A few years ago, I wrote an article for someone else about how music was used in remixes and mashups, but it never got published. Even so, I was reminded of how music has a lot of reuse due to two events that happened to me over this past weekend.

First, I went to a concert given by the Princeton Symphony Orchestra. The pieces that were played were Tchaikovsky’s 1812 Overture and Beethoven’s Ninth “Choral” Symphony. About an hour before the concert, the maestro/conductor held a little talk about the pieces, giving some history and other notes about the pieces. He mentioned that both pieces were reflections of the times, in that the music reflected the turmoil that was going on in Europe during the early 19th century.
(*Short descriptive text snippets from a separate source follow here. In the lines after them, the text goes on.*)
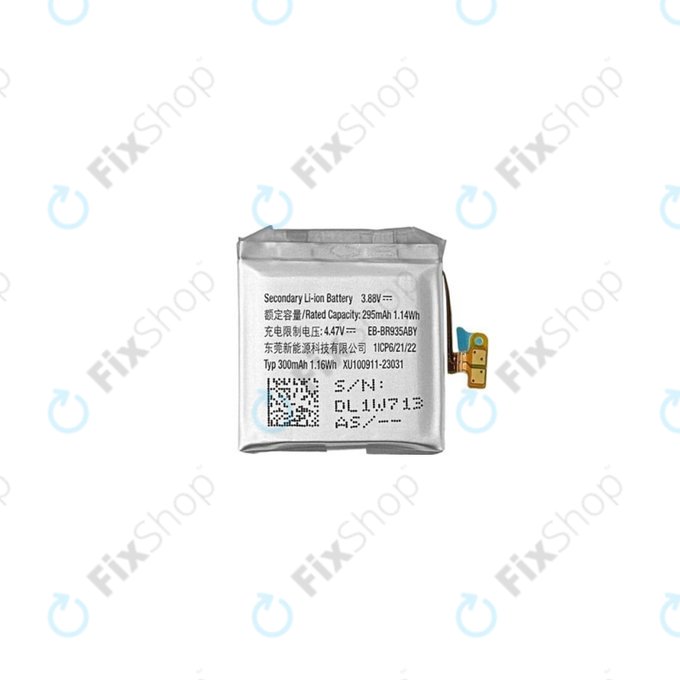 Samsung Galaxy Watch 6 40mm R930, R935, Watch 7 40mm L300, L305 - Baterija EB-BR935ABY 300mAh - GH43-05156A Genuine Service Pack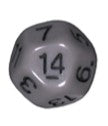 Load image into Gallery viewer, Single Dice/ Die - DCC D14
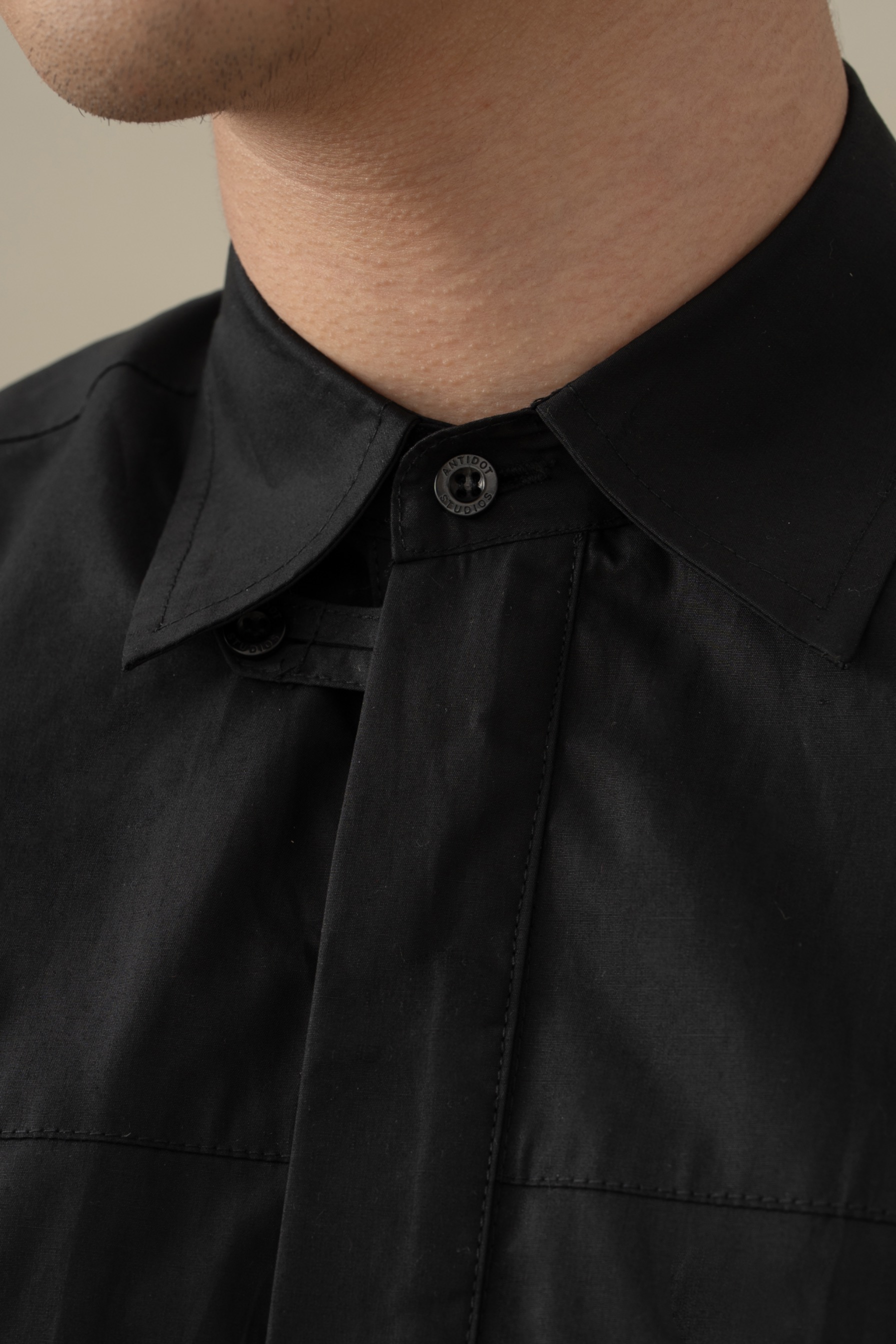 Nathan Shirt in Black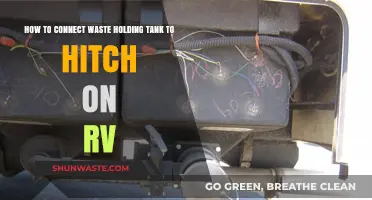 RV Waste Tank Hitch Connection: A Step-by-Step Guide for Beginners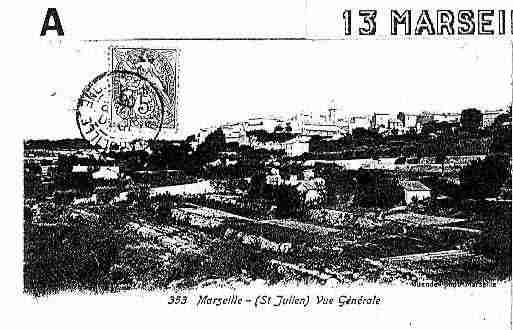 Ville de MARSEILLE Carte postale ancienne Ville de MARSEILLE Carte postale ancienne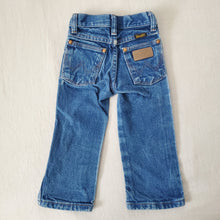 Load image into Gallery viewer, Vintage Wrangler Jeans 2t SLIM
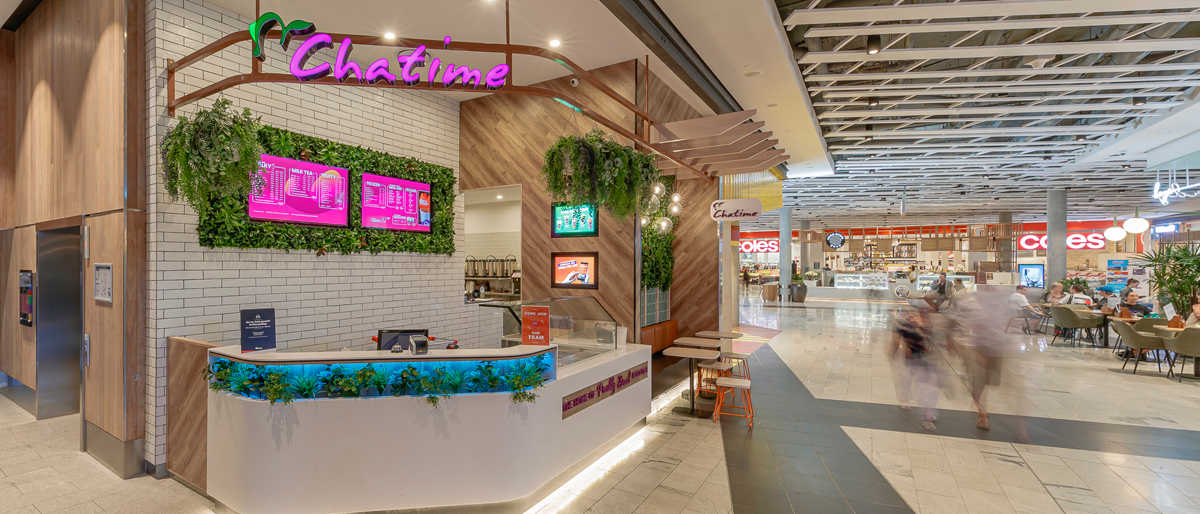 Chatime storefront image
But what also struck me–and what I listened for–was the reuse of music to reflect some of the action or feelings of the time. In the 1812 Overture, for example, they played the original Russian version, which begins with a Russian Orthodox chant. Later, you hear the French National Anthem several times repeated over and over to reflect Russian and French forces at odds. Beethoven also used bits of well-known (at the time) country songs that were reflected in each movement.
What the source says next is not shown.